You may not know that your local clothing boutique has an online presence because, well, you’ve always been able to walk in and shop. Now is the time to check out their online store and buy your favorite products. Make sure to look for a return policy or call and ask, as returns might be handled differently during this time. Shop what you can, and buy knowing that your purchase matters more now than ever before.
4. Share on social.
Be sure to call out your favorite restaurants, stores, and salons on all your social channels. If you’re part of any neighborhood groups online, promote local businesses there, too. Share your favorite dish from a restaurant or your favorite hairdresser at your salon, and encourage people to try them out. Also, now is an excellent time to give them a positive review online.
5. Schedule an appointment.
For some, it’s still tough to know when they’ll start seeing customers again, but making a reservation or scheduling an appointment for a later date is a great way to show them that you’re here for them. It’s also better to postpone an appointment than cancel. When the timing is right for you and the business, you can enjoy your time there comfortably.

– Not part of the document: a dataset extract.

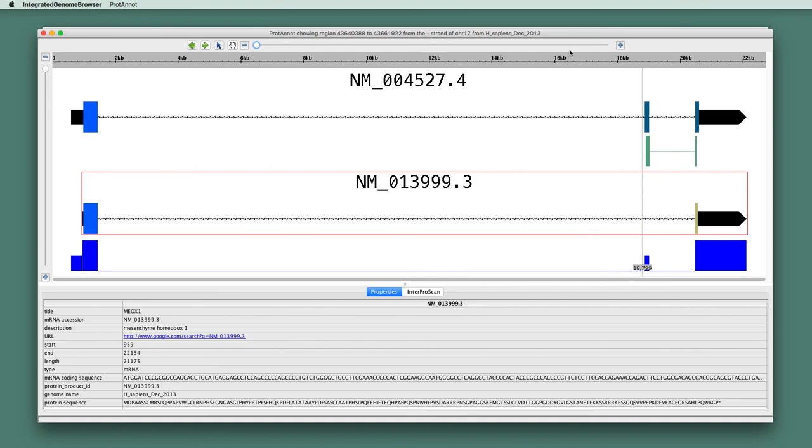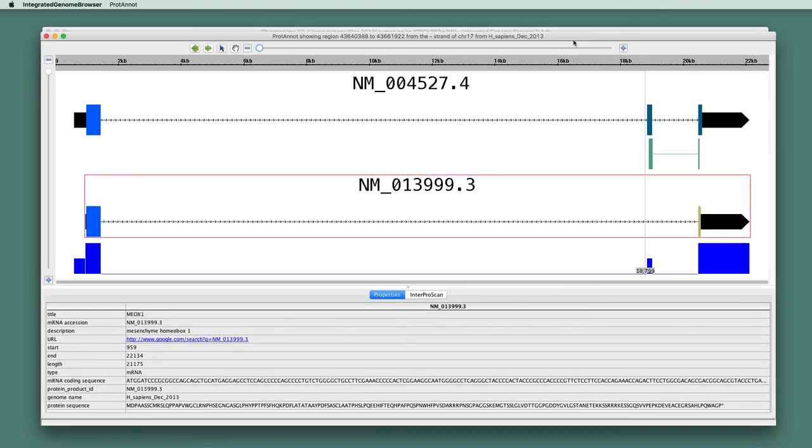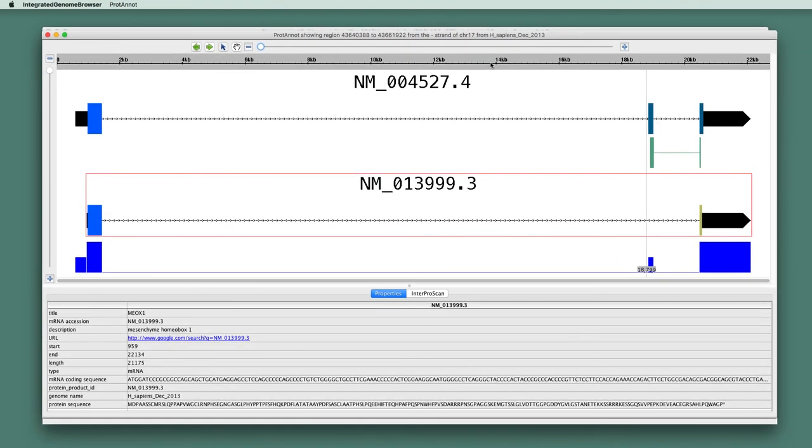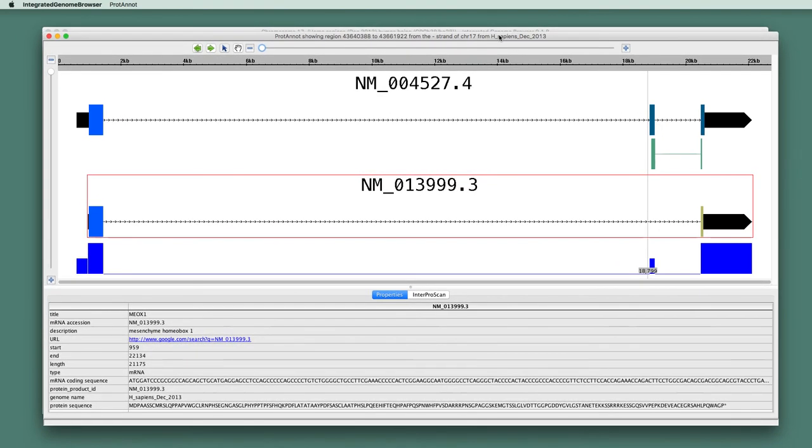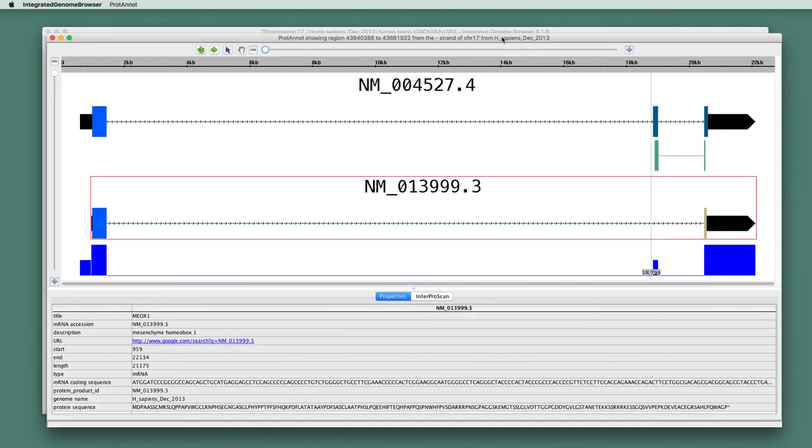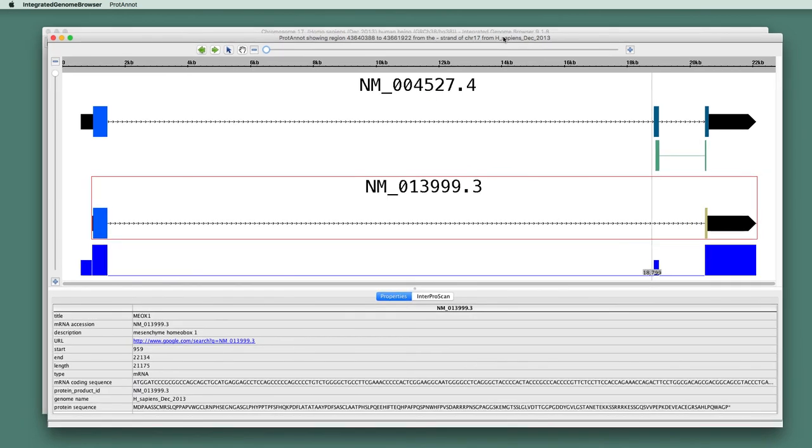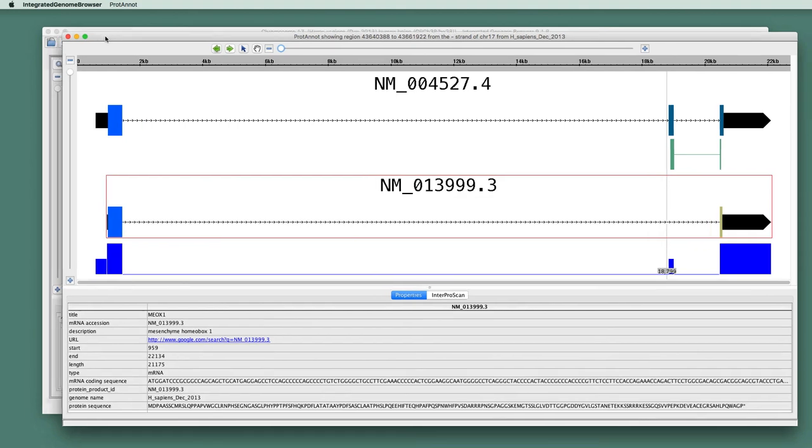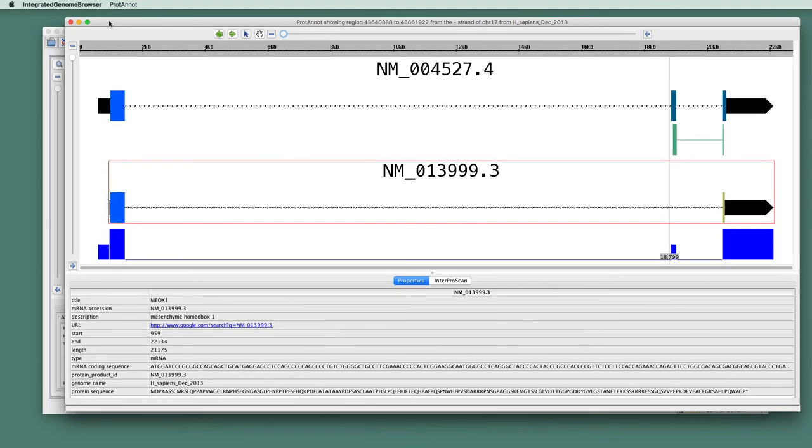So this shows an example of how you can use ProtoNote, which is an IGB app, to understand the consequences of alternative splicing in this particular case.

If you’re ordering takeout or having something delivered, tipping a little more than you usually do will help more than you know. Restaurant and delivery workers rely heavily on tips, so any profit will help sustain them during a time when business is slow.
7. Buy direct.
Before ordering through a food delivery app, look to see if the local restaurants that don’t typically deliver are making any exceptions during this time. Also, think twice before shopping from big online marketplaces. Check your local retailer’s website or call the small, local grocery store to find locally sourced soaps, foods, and other essentials.

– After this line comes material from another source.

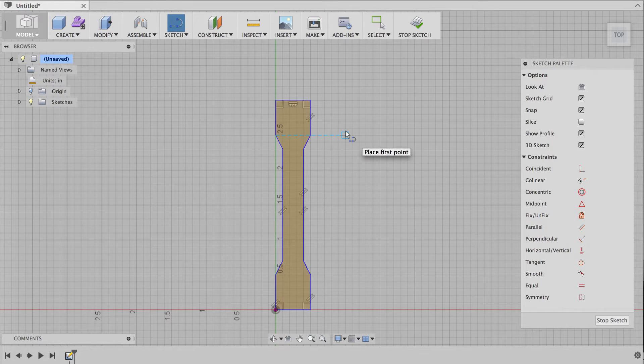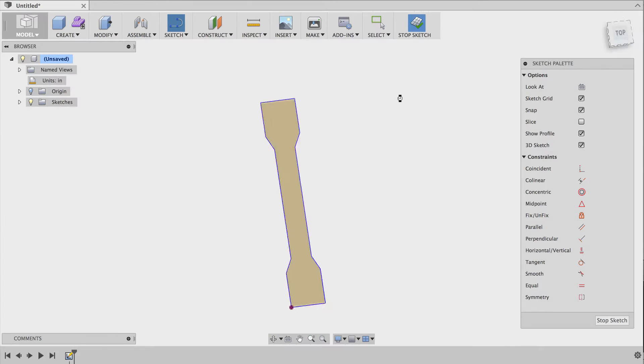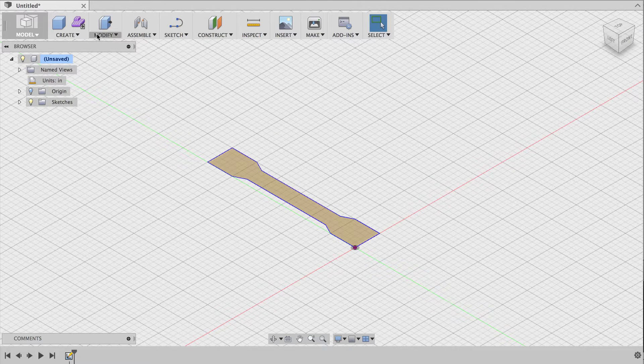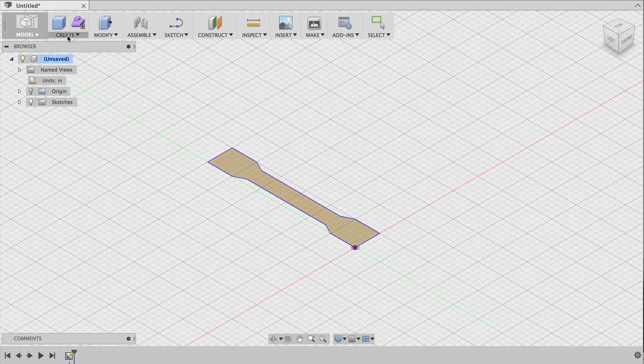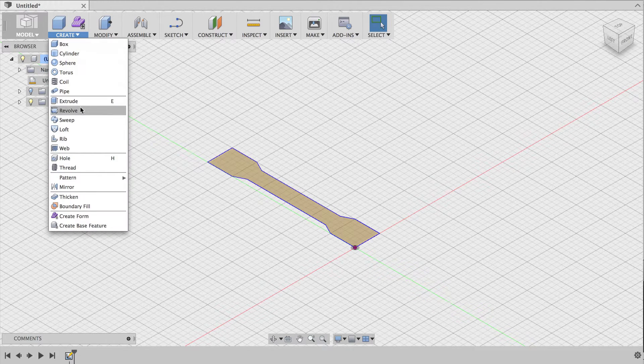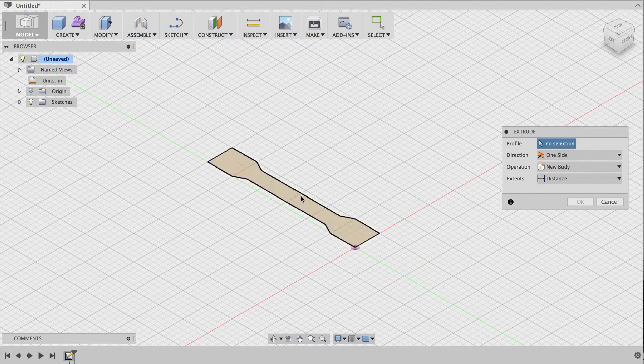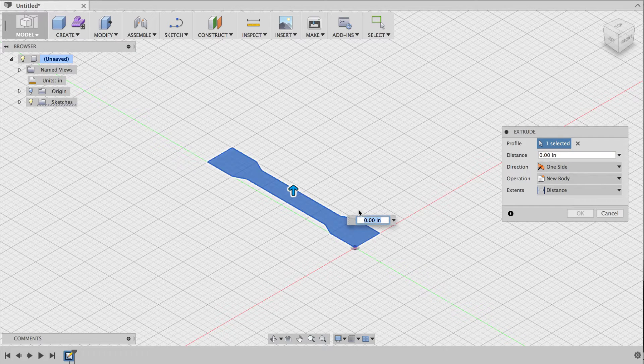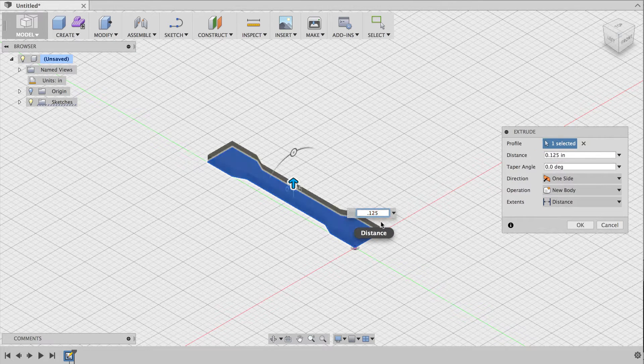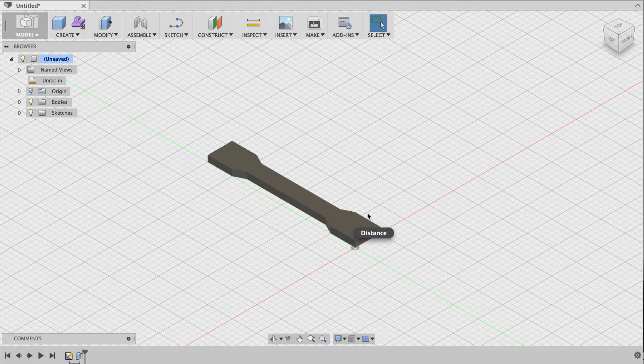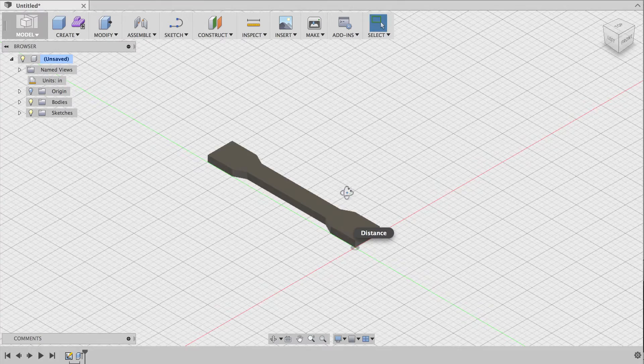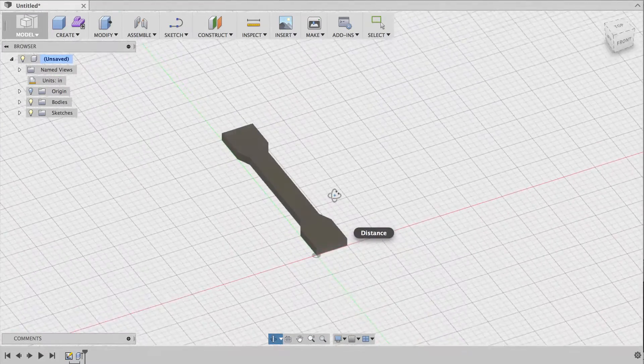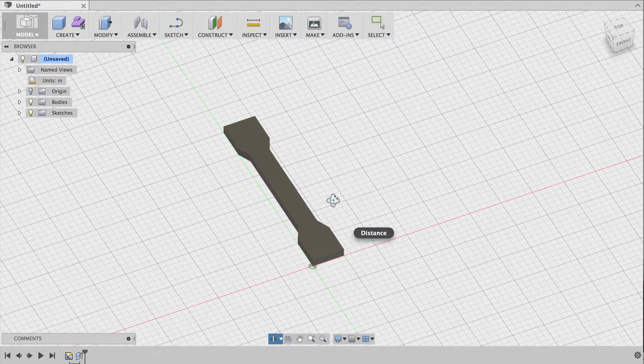Great, so there's the sketch of my dog bone. Now, I'll create 3D geometry by doing an extrusion. I'll make it an eighth of an inch thick, because that's a common thickness when you buy aluminum. There, we've designed our dog bone as a 3D shape. Very simple. Looks great.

8. Shop the farmer’s market.
Some farmer’s markets have a website or social media presence. Search online to get a list of vendors and buying options. You’d be surprised at how many markets and vendors are offering delivery, curbside pickup, and extended hours. Outdoor markets may still be open, so going early in the morning will help you avoid the crowds.
While many local businesses are struggling, there’s a lot you can do to help. However big or small your contribution, know that you’re making a difference in someone’s life—and your entire community.